“You see what it is to be a good-natured fellow,” Peter said to me. “Now you’ll live a long time before you get baby to hold.”

Peter often got baby after this, and I really think he came to like it, only he told Jeeka to inform his wife, that the danger of handing him the child when on horseback was extreme. So this never occurred again.

I think, on the whole, then, that Peter had the best of Jill and his little joke.

The country now became changed in aspect, far more rugged and hilly and wild, but at times its beauty was almost awesome.
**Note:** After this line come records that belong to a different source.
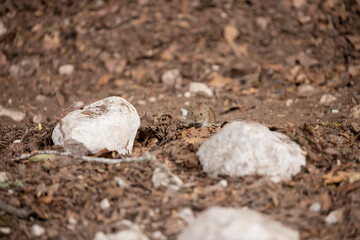 Bank vole in autumn forest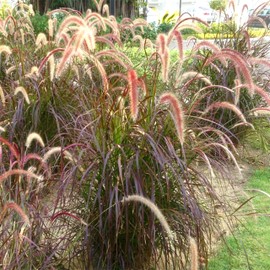 Red Fountain Grass | 2 Extra Large 3 Gallon Plants | Pennisetum Setaceum Rubrum | Vibrant Landscape Feature | Striking Color Contrast | Full Sun Perennial Ornamental Grass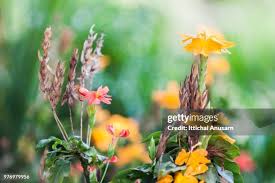 Image result for Crossandra nilotica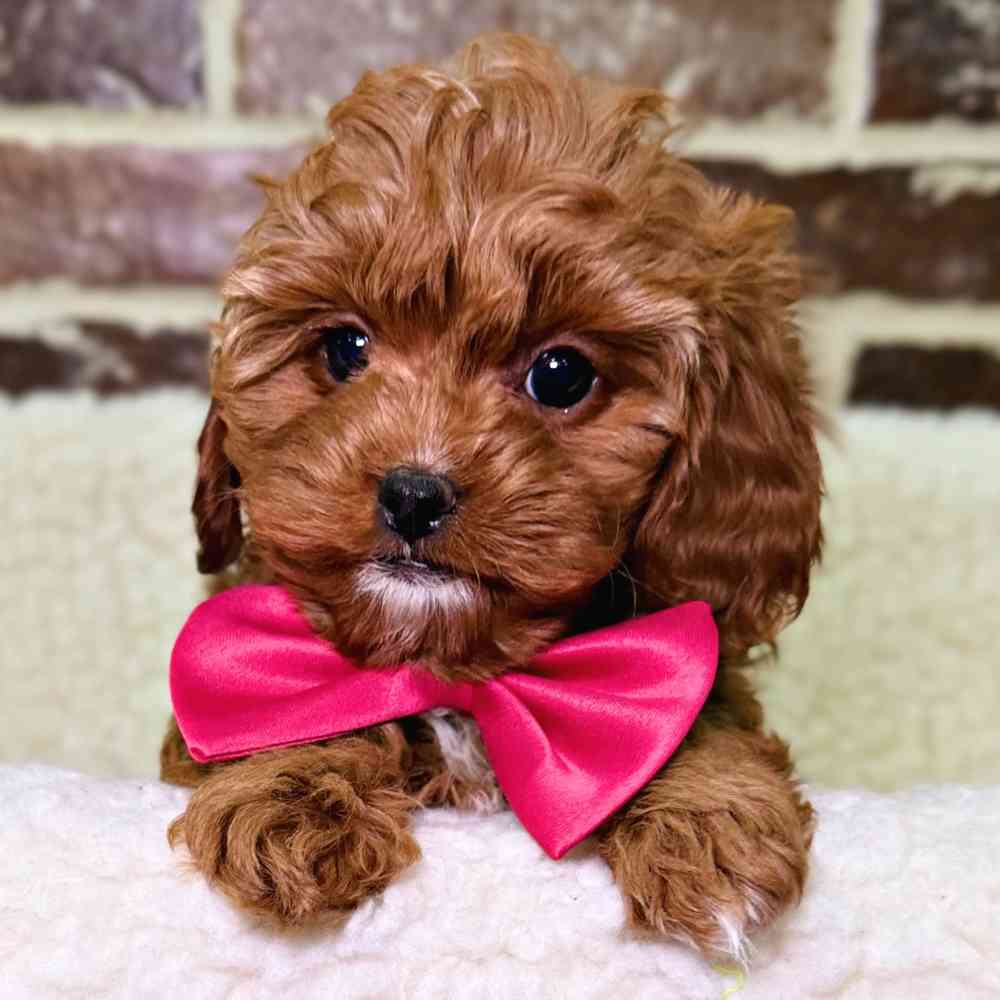Female Cavapoo puppy for sale at Shake A Paw Union.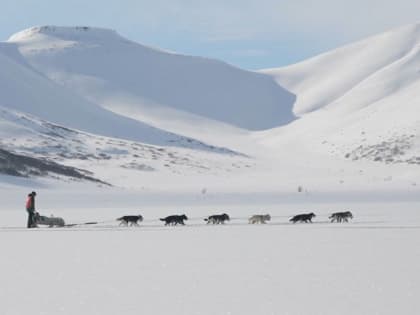 Одиннадцать камчатцев и москвич, не считая собачек: Гонка «Берингия-2023» полностью укомплектована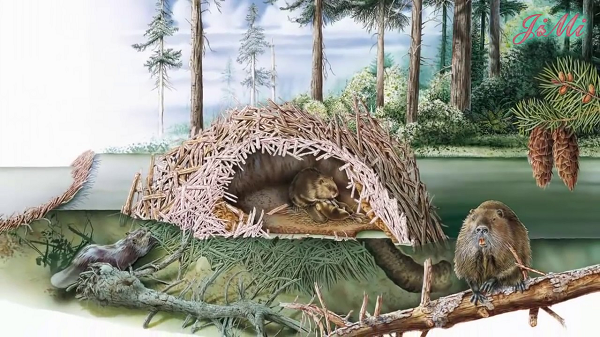 Giới nghiên cứu suy đoán hải ly còn góp phần làm chậm tốc độ lan rộng của cháy rừng. Ví dụ, sau đám cháy Sharps thiêu rụi 26.305 hecta ở Idaho năm 2018, nhà địa mạo học Joe Wheaton ở Đại học Utah, bắt gặp khoảng đất xanh tốt trong vùng cháy.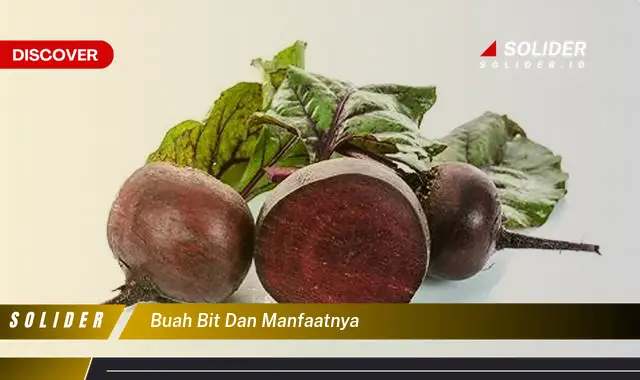 buah bit dan manfaatnya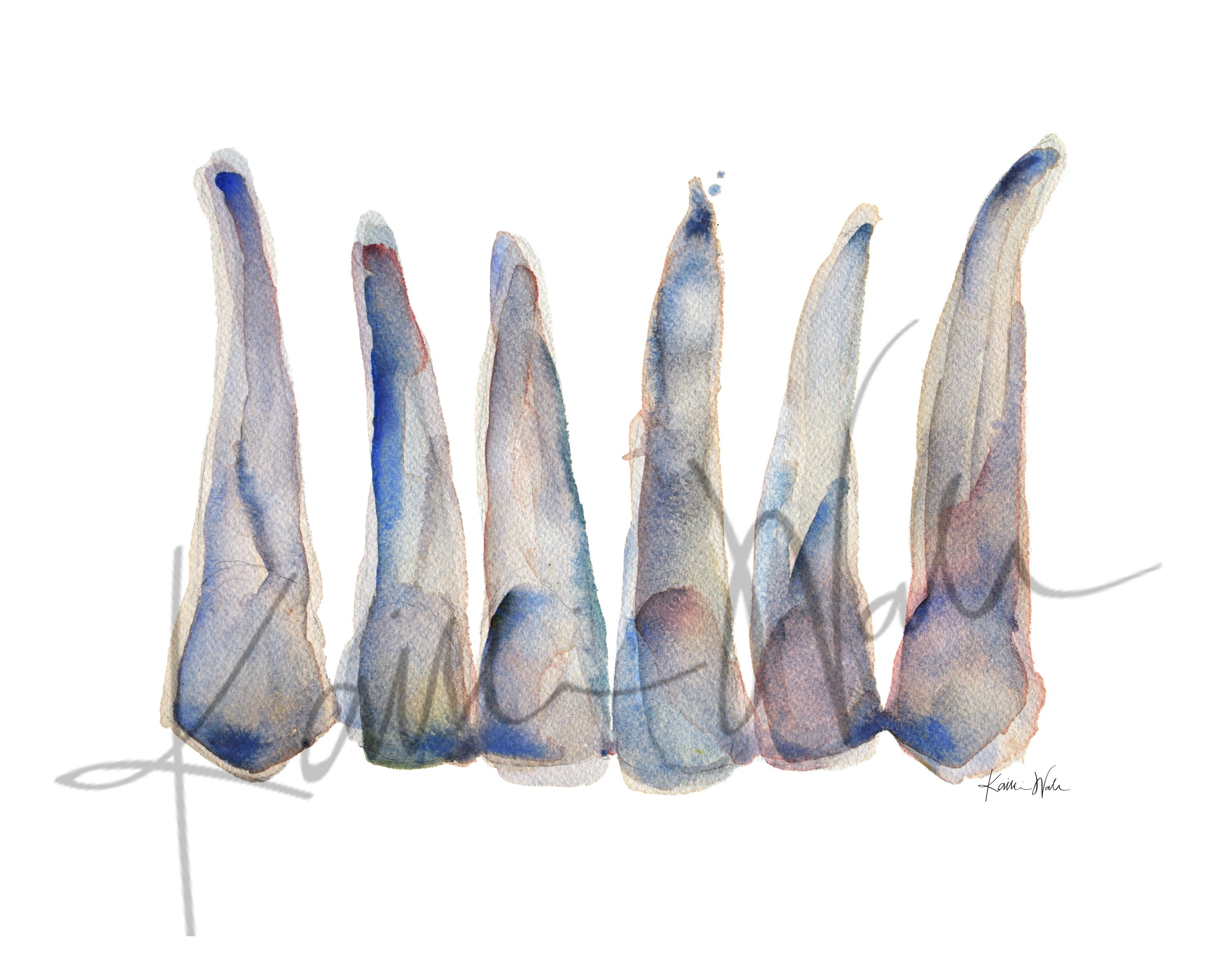 Unframed watercolor painting of maxillary incisors in blue, gray and soft, subtle reds.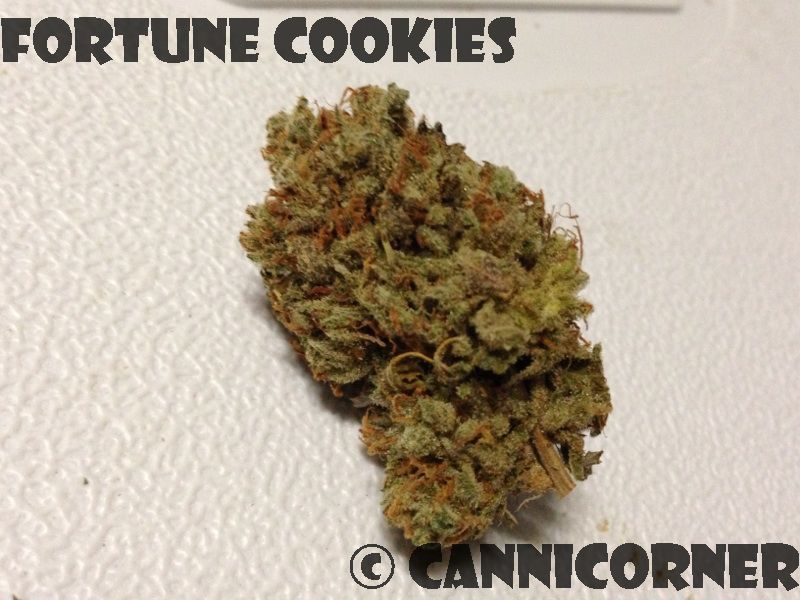 CanniCorner Fortune Cookies (Girl Scout Cookies x OG Kush)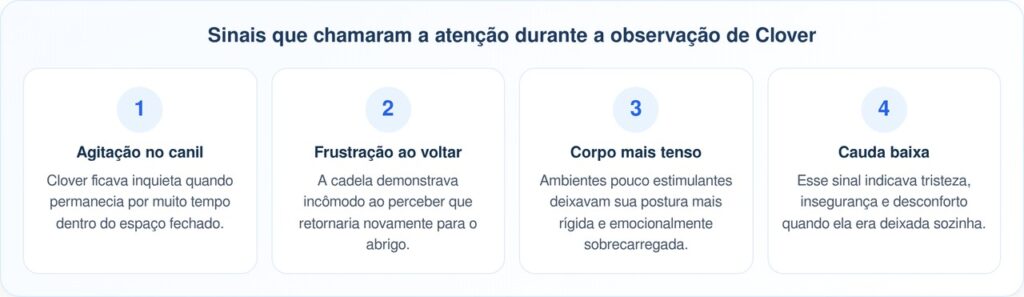 Clover, a cadela de abrigo que comoveu ao ficar sozinha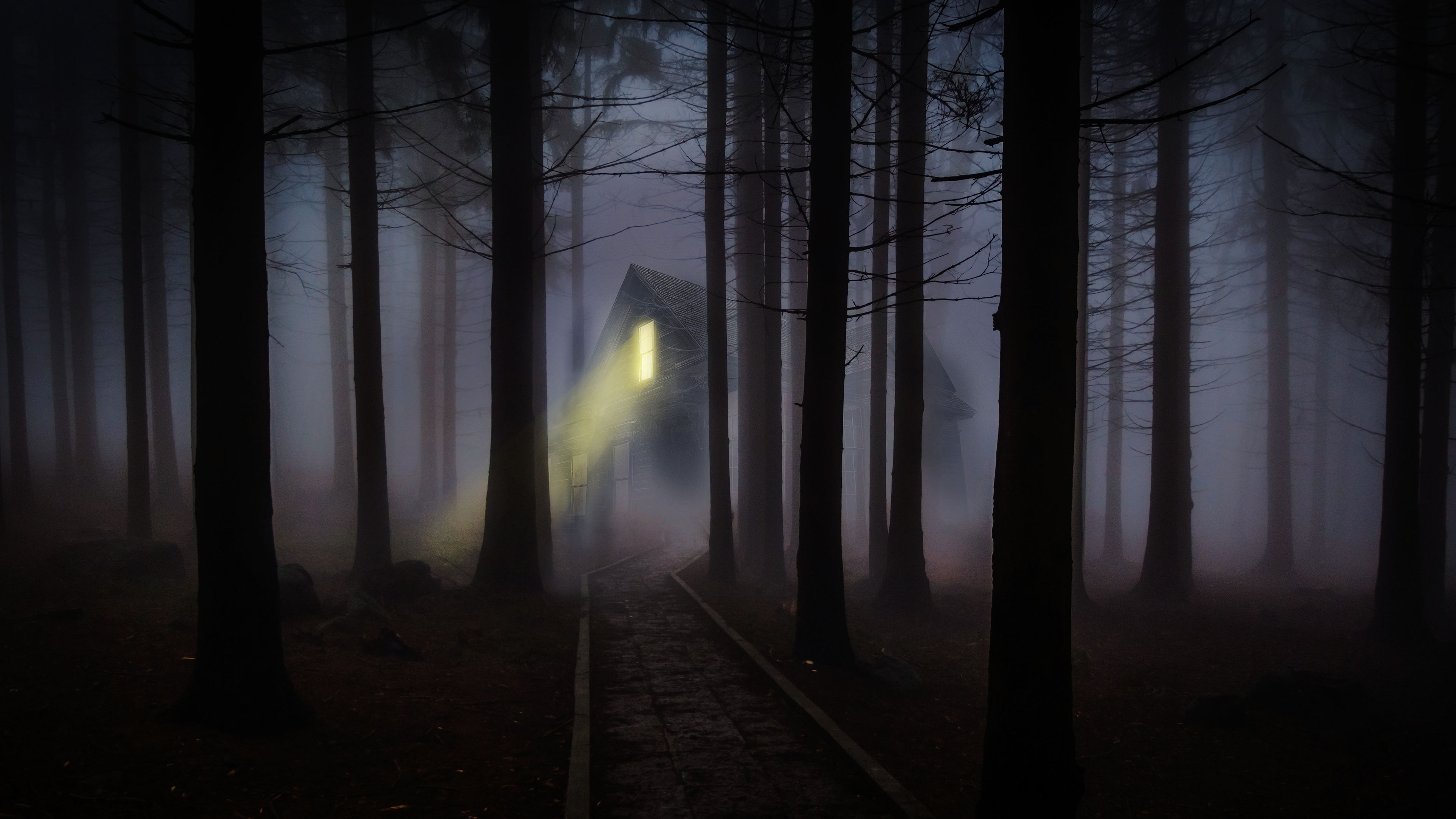 Foggy Night Wallpaper 4K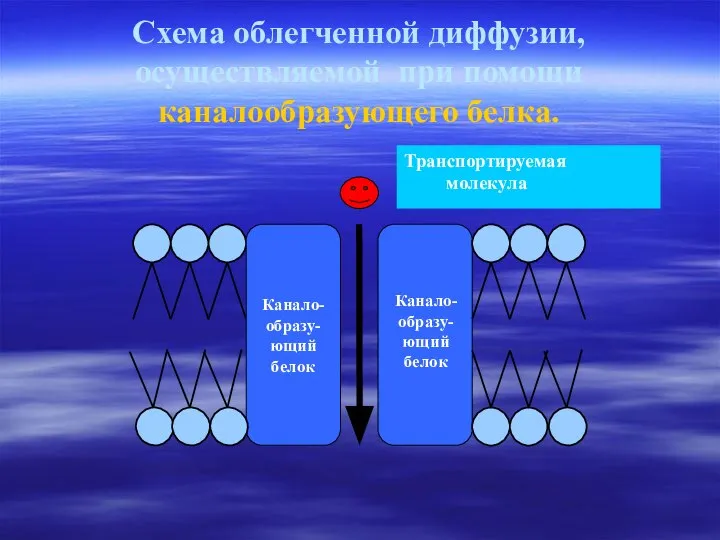 Схема облегченной диффузии, осуществляемой при помощи каналообразующего белка. Канало-образу-ющий белок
One day we came upon a patch of woodland, the first real trees we had seen. Then we knew we were within a measurable distance of Castizo’s romantic home in the Cordilleran forests.

We encamped this night close to the wood.

The Indians did not, according to Jeeka, quite relish the propinquity. The wood was haunted by evil spirits. There was a fox with two heads that had been frequently seen within its dark shades, and there was something in white which Jeeka could not well define. It might have two heads or it might have twenty, he could not say; but it was very terrible, and death soon visited the person whose track this something-in-white crossed.

There was no good could accrue from laughing at Jeeka. I could not help thinking, however, what a pity it was so noble a fellow—savage, if you choose to call him so—should remain in such mental darkness. Could we not do a little to help him, Jill and I?

We might try. One never does know what one can do till a trial is made.

“Jeeka,” I said that evening, “will you go for a walk with Jill and me, and bring Nadi?”